Figure 5: Chrysophanol induces pyroptosis through the regulation of nod-1ike receptor protein-3 (NLRP3). The expression of NLRP3 in human GC tissues and adjacent tissues, (A) Data from OncoMine Database (normal = 19, GC = 79, http://www.oncomine.com); (B) Data from TCGA Database (http://ualcan.path.uab.edu/); (C) quantitative real-time-polymerase chain reaction analysis of NLRP3 in GES-1, MKN 28, and AGS cells; (D–E) The protein levels of NLRP3 in GES-1, MKN 28, and AGS was detected by western blotting; (F–H) IHC staining for NLRP3, caspase-1, and Ki 67; (I) Kaplan–Meier analysis of NLRP3 expression in the survival of GC patients (http://ualcan.path.uab.edu/). Magnification: ×200. Scale bar = 20 μM. *p < 0.05; **p < 0.01 and ***p < 0.001.

images

Figure 6: Detection of nod-1ike receptor protein 3 (NLRP3) expression and LDH release after transfection. (A–D) MKN 28 and AGS cells were transfected with NLRP3 siRNA and NC, and the expression level of NLRP3 siRNA in these transfected cells was detected by qRT-PCR and western blot; the transfected cells were treated with 10 μM chrysophanol for 24 h, then (E) the release of LDH was examined by LDH kit. *p < 0.05; **p < 0.01; ***p < 0.001.

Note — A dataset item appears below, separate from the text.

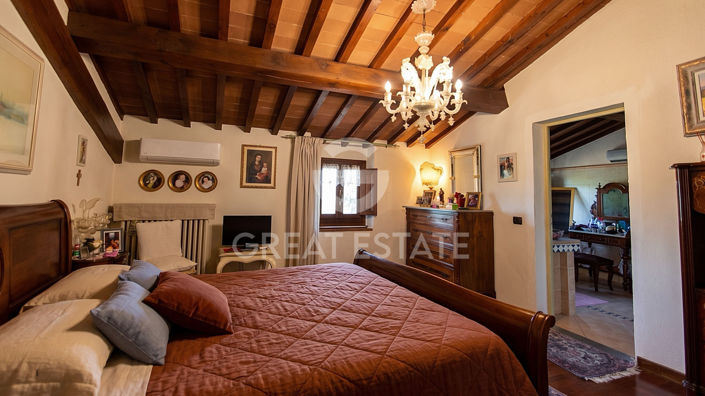 Image No.19-7 Bed Country House for sale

Subsequently, the LDH assay was examined again. The results of Fig. 6E demonstrated that chrysophanol significantly increased the release of LDH compared with that in the control group (p < 0.01; Fig. 6E). NLRP3 siRNA, together with chrysophanol, reduced the release of LDH in MKN 28 cells compared with that in the chrysophanol (10 μM) group. These data suggest that NLRP3 siRNA could partially reverse pyroptosis in MKN 28 and AGS cells.

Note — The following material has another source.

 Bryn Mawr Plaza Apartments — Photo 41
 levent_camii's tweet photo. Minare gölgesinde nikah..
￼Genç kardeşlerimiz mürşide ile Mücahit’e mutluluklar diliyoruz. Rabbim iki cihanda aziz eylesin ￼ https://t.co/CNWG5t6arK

Chrysophanol exerted antitumor effect via the nod-like receptor protein-3 signaling pathway in gastric cancer cells

Wound healing and Transwell assays were used to examine the effects of NLRP3 on cell migration and invasion. The migration ability of MKN 28 cells and AGS cells was significantly decreased following chrysophanol treatment (p < 0.001; Fig. 7A). Similarly, the invasion ability of MKN 28 and AGS cells was decreased after treatment with chrysophanol compared to the control group (p < 0.001, Fig. 7B). However, these effects were reversed by NLRP3 siRNA suppression in MKN 28 and AGS (p < 0.001, Figs. 7A and 7B). The results indicated that NLRP3 siRNA partially reversed the inhibitory effects of chrysophanol on cell migration and invasion in GC cells.

images

Figure 7: Chrysophanol inhibited MKN 28 and AGS cell migration and invasion by regulation of nod-like receptor protein-3 (NLRP3). Cell migration was assessed by wound healing assay. (B) Cell invasion was assessed by Transwell assay; Magnification: ×100. Scale bar = 20 μM.*p < 0.05; **p < 0.01; ***p < 0.001.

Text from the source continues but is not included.